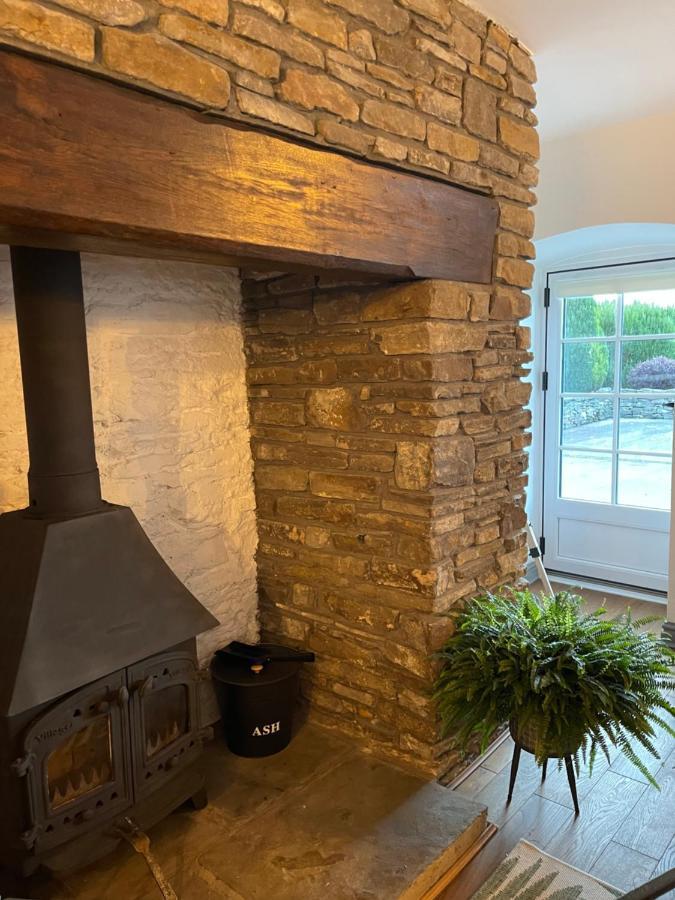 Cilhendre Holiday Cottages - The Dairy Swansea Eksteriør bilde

* * *

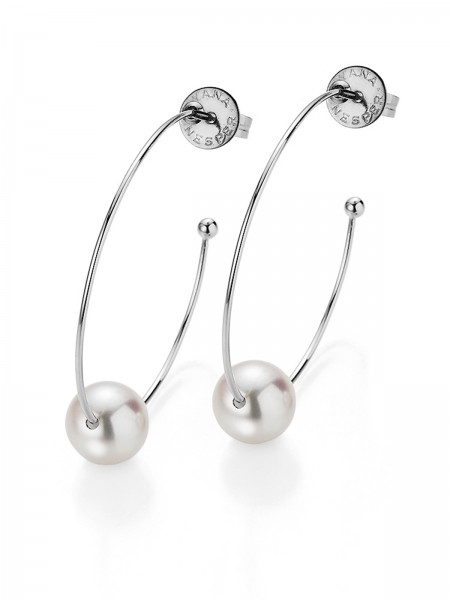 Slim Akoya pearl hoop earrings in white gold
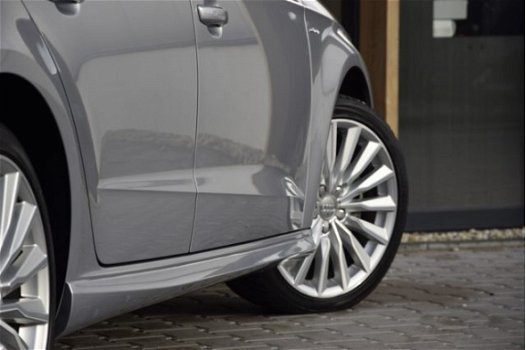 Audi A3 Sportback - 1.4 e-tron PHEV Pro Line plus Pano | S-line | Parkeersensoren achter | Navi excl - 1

> **WORK ORDER**:
Only one stretch of the listing is wanted: the lines starting at the one with "Slim Akoya pearl hoop earrings in white gold" and ending at the one with "Audi A3 Sportback", copied exactly and free of pictures.

> **RESPONSE TO THE EXERCISE**:
 Slim Akoya pearl hoop earrings in white gold
 Audi A3 Sportback - 1.4 e-tron PHEV Pro Line plus Pano | S-line | Parkeersensoren achter | Navi excl - 1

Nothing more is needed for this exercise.